Another thought on building in the tip. I know we're not talking about restaurants, but there is an analogy. Have you ever had a large enough table that the restaurant adds a gratuity to the bill? That annoys me. In other words, there is suddenly a minimum tip, if you have 6 or 8 people typically. If they do that, then I just sign the tab. If the service is good, I always give more than they mandate. Their loss, if they build it in.


----------



## Don L

Minnewaska said:


> Another thought on building in the tip. I know we're not talking about restaurants, but there is an analogy. Have you ever had a large enough table that the restaurant adds a gratuity to the bill? That annoys me. In other words, there is suddenly a minimum tip, if you have 6 or 8 people typically. If they do that, then I just sign the tab. If the service is good, I always give more than they mandate. Their loss, if they build it in.


I've always had the feeling that they do that for big tables to make-up for loss of tips from the other tables now that they aren't getting taken care of.


----------



## Minnewaska

Don0190 said:


> I've always had the feeling that they do that for big tables to make-up for loss of tips from the other tables now that they aren't getting taken care of.


If you mean that the wait staff can't take the chance that they are stiffed at a large table, when they won't be able to take care of any others, that might be the reason.

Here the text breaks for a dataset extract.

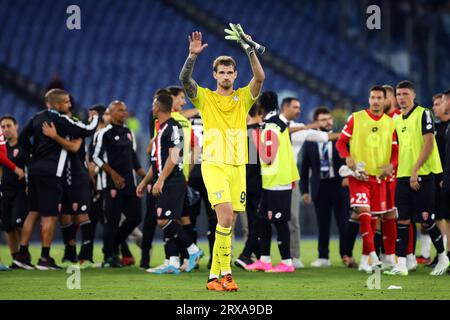 Rom, Italien. September 2023. Ivan Provedel Torhüter von Lazio begrüßt seine Anhänger am Ende der italienischen Meisterschaft Serie A Fußballspiel zwischen SS Lazio und AC Monza am 23. September 2023 im Stadio Olimpico in Rom, Italien - Foto Federico Proietti/DPPI Credit: DPPI Media/Alamy Live News Stockfoto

But, that's the fault of those that stiff the staff, despite service levels, and they exist.


----------



## hellosailor

So when all of you sailors ask your Congresscritter every year to increase the USCG budget, and of course you all do because we all know the USCG are underpaid overworked SOBs who sometimes save our lives without adequate resources or regard for the danger to themselves...

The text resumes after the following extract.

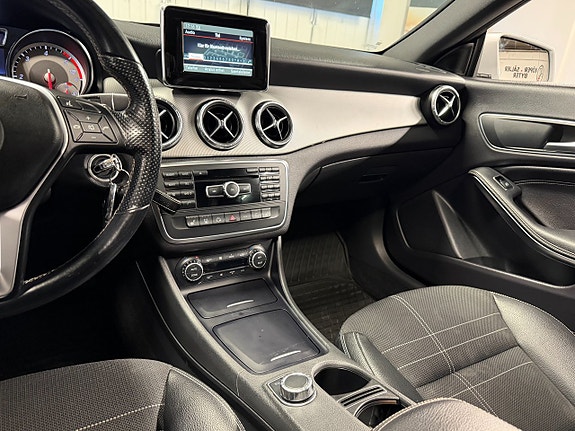 Mercedes-Benz CLA220 21 of 30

You've never tipped your Congresscritter for good service? And you've never tipped the SAR teams, either?

But the kid in Dunkin Donuts deserves a tip for pouring my cup of coffee?


----------



## Jammer Six

The problem with tipping conressmen is that it does not ensure good service. They never stay bought long enough.


----------



## Minnewaska

hellosailor said:


> So when all of you sailors ask your Congresscritter every year to increase the USCG budget, and of course you all do because we all know the USCG are underpaid overworked SOBs who sometimes save our lives without adequate resources or regard for the danger to themselves...
> 
> You've never tipped your Congresscritter for good service? And you've never tipped the SAR teams, either?
> 
> But the kid in Dunkin Donuts deserves a tip for pouring my cup of coffee?


Name one member of Congress that is there to serve anyone but themselves.

SAR is a very good point. But, as I think about it, they're not there to make your experience pleasant. They would pull you in the helo by your foot, if it's what it took to save your butt. 

No tipping coffee pourers, unless some variable service was performed.


----------



## Minnewaska

How about the fuel dock attendant? I do usually tip them, but they don't often do anything more than just hand me the nozzle. Since I know I'm going to tip them anyway (and need to think about why I do so as a routine) I always ask them for a little bit more, such as taking an additive bottle or diesel covered rag and dispose of it for me. 

I do consider anyone that has to manage the pump out hose to be worthy of more than their hourly wage, especially if they are patient enough to allow a rinse and re-pump. 

At transient fuel docks, I suppose the attendants have frequently been pretty helpful with local knowledge. That's worth a tip.


----------



## eko_eko

Minnewaska said:


> How about the fuel dock attendant? I do usually tip them, but they don't often do anything more than just hand me the nozzle. Since I know I'm going to tip them anyway (and need to think about why I do so as a routine) I always ask them for a little bit more, such as taking an additive bottle or diesel covered rag and dispose of it for me.
> 
> I do consider anyone that has to manage the pump out hose to be worthy of more than their hourly wage, especially if they are patient enough to allow a rinse and re-pump.
> 
> At transient fuel docks, I suppose the attendants have frequently been pretty helpful with local knowledge. That's worth a tip.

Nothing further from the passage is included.